It did not stop there.

More recently, it provided legal and financial support and public cheerleading for Paul deParrie and others in deParrie v. Hanzo. DeParrie was an original signer of the Army of God's Defensive Action Statement and of the Second Defensive Action Statement justifying the murders of Dr. David Gunn and Dr. John Britton.

If anyone doubts that LLDF not only defended deParrie in court, as any legitimate lawyer might do, but approved of his murderous beliefs, they should read an LLDF interview with him Stalking Law Can't be Used to Silence Free Speech. It quotes with approval "a public statement signed by deParrie and others" advocating "the use of force" to stop abortion. Could LLDF simply have overlooked the fact that the statement did not just advocate "the use of force" but explicitly supported murders of Dr.

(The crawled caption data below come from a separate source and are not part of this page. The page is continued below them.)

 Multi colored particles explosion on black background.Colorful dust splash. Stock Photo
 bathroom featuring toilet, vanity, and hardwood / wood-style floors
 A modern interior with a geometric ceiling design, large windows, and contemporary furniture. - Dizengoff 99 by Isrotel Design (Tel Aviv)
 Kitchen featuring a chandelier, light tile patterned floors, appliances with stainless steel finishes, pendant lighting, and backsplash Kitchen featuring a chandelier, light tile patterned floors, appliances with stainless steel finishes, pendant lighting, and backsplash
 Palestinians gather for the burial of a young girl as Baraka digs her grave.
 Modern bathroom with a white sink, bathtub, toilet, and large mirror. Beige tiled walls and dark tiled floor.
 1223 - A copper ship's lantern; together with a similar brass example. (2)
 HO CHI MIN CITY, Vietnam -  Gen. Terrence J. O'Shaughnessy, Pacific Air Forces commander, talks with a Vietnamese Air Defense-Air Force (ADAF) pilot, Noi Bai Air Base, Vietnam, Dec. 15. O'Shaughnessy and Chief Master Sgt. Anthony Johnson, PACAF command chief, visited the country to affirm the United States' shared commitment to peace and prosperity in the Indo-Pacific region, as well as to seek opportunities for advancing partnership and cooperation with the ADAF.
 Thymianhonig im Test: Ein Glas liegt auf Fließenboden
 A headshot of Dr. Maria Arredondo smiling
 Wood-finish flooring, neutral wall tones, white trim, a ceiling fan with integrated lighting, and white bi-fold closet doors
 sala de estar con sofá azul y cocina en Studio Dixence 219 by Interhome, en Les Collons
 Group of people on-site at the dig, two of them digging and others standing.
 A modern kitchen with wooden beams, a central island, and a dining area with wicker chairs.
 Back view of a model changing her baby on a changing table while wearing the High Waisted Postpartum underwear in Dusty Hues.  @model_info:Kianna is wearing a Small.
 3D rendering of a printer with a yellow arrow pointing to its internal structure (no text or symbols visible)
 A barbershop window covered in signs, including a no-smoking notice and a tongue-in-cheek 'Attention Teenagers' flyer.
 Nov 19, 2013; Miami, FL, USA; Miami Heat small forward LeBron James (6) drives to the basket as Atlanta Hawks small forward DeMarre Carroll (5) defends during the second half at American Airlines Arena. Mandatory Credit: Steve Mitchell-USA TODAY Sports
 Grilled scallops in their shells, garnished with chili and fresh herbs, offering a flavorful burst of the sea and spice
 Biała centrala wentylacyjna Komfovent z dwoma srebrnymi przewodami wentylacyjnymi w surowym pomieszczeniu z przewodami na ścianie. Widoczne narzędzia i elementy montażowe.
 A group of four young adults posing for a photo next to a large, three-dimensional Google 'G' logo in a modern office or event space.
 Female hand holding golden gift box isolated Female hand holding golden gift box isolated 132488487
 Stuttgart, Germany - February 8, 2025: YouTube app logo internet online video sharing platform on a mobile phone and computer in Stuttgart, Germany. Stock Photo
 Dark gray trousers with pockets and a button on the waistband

Gunn and Dr. Britton and the wounding of Mrs. Britton and the murder of escort James Barrett?

No. The "public statement signed by deParrie and others" that LLDF quotes so approvingly is the Defensive Action Statement, and the unnamed "others" include Paul Hill, the convicted murderer of Dr. Britton. LLDF obviously knew this damning fact, never criticized or even questioned deParrie about it, and tried to conceal it.

The LLDF newsletter also devoted front-page space to Planned Parenthood v. ACLA, the so-called "Nuremberg Files" case in which deParrie and others were defendants.

"There was considerable evidence that the abortionists were frightened not because they understood the defendants [deParrie et al] to be threatening them with harm, but because they feared that the publication of their names had made them targets for 'the John Salvis of the world. '", as quoted from Ninth Circuit Overturns $107 Million 'Nuremberg Files' Verdict in LLDF's online newsletter Lifeline.

The LLDF article contain no hint of criticism of deParrie or the other defendants for creating this fear, which is well-founded in light of the murders that deParrie's associates have committed and he has condoned. LLDF evidently believes not only that vile and dangerous publications like the Nuremberg Files are protected speech -- as any First Amendment advocate might believe and any good lawyer might argue -- but that they are also laudable.

The LLDF's deParrie interview notes proudly that LLDF was "the only pro-life organization that helped in deParrie's case. " DeParrie said that "other pro-life support groups hesitated to get involved because he has an 'aggressive' attitude. "

It would be more accurate to say that the mainstream pro-life movement wants nothing to do with deParrie and his associates because of their pro-murder attitude and actions. The Life Legal Defense Foundation has no such scruples.